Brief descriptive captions
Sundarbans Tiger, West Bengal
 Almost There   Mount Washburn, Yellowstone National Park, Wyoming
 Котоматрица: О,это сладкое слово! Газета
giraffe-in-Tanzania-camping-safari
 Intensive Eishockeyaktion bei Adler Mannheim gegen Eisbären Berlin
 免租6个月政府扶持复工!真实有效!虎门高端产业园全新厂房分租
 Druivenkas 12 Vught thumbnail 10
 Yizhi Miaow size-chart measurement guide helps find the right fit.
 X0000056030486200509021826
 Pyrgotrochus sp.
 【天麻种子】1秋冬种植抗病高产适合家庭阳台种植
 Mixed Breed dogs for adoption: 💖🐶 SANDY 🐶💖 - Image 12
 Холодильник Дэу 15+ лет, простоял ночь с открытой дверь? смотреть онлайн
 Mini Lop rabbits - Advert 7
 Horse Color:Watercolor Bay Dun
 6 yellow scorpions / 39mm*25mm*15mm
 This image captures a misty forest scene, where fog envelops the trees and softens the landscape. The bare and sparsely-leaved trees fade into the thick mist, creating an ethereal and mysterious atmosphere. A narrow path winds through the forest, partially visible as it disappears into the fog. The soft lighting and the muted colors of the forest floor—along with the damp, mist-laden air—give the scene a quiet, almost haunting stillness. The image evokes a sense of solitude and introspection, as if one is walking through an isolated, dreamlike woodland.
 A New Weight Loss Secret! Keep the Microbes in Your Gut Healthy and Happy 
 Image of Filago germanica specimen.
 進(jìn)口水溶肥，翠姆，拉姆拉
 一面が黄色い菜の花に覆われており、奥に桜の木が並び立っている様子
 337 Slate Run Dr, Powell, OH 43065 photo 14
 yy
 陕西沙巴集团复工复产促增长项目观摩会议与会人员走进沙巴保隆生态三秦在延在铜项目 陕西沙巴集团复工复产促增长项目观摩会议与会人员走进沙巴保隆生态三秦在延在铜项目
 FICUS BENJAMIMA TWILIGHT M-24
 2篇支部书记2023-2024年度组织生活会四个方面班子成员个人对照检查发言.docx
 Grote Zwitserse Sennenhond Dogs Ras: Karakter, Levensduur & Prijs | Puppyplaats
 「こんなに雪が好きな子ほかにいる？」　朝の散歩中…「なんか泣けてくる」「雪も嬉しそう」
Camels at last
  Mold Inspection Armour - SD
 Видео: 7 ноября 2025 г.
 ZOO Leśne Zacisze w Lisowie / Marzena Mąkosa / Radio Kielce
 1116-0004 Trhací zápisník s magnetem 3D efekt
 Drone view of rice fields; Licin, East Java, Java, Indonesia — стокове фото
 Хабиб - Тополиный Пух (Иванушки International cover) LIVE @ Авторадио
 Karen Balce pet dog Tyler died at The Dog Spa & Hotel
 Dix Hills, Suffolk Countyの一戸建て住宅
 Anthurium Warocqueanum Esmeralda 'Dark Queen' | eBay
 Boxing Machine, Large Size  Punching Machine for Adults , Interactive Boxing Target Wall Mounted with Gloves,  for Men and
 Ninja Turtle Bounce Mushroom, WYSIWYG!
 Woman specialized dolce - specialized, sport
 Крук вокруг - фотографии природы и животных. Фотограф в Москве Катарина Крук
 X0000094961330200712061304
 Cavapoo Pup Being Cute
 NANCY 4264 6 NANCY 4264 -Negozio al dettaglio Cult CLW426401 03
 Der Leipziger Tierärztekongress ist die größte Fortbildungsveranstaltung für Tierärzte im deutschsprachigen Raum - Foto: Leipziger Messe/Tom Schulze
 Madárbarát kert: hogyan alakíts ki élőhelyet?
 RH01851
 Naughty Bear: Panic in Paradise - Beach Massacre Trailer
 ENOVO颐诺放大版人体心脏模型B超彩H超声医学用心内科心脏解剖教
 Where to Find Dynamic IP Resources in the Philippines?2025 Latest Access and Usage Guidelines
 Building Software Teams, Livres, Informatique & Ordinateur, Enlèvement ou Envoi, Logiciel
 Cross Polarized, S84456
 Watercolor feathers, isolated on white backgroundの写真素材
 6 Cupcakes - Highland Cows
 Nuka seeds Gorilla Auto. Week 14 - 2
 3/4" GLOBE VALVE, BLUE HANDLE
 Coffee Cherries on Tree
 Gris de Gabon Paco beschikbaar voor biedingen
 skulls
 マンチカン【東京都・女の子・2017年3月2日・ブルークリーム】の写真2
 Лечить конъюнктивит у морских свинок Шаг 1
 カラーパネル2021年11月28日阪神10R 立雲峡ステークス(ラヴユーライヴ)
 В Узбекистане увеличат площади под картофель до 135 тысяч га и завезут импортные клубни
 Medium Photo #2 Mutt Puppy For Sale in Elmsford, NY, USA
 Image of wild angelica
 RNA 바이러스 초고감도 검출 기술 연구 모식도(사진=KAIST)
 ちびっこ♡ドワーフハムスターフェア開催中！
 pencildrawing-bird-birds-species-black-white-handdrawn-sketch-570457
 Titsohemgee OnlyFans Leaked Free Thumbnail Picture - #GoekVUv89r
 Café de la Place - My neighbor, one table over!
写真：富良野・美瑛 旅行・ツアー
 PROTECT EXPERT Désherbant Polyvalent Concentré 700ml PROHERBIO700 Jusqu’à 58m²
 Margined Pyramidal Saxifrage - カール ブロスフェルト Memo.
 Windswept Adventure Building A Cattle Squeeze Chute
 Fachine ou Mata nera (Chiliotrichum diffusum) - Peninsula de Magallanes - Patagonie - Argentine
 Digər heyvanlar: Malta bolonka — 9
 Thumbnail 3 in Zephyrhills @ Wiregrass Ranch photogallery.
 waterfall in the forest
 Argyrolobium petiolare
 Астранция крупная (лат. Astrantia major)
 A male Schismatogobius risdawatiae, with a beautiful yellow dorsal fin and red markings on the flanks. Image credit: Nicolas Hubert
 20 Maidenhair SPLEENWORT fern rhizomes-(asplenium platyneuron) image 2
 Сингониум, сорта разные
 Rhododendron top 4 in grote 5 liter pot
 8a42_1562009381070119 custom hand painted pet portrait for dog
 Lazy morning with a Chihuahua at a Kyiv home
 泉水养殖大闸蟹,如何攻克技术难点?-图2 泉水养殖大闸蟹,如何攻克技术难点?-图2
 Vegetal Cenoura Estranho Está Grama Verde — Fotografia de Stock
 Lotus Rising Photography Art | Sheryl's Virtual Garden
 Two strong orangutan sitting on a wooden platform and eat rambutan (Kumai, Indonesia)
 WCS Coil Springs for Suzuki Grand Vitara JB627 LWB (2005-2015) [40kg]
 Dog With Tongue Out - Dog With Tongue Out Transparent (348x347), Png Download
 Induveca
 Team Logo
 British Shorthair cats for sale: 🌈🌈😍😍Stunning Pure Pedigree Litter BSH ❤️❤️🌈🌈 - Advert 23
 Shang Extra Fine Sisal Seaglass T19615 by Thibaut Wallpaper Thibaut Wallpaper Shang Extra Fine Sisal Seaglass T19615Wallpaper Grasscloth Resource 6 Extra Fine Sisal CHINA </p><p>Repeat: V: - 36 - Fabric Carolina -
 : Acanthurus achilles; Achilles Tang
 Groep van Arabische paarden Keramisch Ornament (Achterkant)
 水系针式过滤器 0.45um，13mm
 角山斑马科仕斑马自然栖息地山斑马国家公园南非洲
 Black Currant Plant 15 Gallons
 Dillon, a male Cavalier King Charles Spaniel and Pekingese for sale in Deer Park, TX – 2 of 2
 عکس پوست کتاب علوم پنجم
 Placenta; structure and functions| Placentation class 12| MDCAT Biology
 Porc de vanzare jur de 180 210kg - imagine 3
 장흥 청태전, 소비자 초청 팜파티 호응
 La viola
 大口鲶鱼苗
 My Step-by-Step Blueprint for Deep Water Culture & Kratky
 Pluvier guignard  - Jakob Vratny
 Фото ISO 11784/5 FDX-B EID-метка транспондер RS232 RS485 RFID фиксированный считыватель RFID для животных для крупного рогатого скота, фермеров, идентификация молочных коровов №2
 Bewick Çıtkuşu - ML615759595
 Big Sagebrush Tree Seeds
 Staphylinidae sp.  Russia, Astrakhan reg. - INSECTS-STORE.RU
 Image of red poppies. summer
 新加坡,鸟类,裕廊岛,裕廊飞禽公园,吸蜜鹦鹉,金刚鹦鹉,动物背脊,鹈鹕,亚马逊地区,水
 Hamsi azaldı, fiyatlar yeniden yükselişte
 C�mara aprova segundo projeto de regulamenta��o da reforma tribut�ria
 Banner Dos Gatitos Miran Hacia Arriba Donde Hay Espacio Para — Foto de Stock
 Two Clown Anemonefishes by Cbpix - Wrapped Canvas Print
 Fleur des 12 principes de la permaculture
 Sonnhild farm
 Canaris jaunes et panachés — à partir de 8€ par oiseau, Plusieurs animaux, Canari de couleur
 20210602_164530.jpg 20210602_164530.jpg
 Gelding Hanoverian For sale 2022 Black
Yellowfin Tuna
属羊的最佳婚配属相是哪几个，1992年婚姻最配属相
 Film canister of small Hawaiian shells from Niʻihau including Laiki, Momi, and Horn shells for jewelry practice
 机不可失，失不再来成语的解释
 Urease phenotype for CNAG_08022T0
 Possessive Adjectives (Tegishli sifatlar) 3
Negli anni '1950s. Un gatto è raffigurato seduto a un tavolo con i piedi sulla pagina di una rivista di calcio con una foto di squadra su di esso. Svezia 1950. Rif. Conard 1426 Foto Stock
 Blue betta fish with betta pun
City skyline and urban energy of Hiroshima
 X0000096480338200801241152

:: WHAT YOU NEED TO DO ::
The required output is every line of the entries, starting at the one that contains "City skyline and urban energy of Hiroshima" and ending at the last, copied exactly.

:: FINISHED EXERCISE ::
City skyline and urban energy of Hiroshima
 X0000096480338200801241152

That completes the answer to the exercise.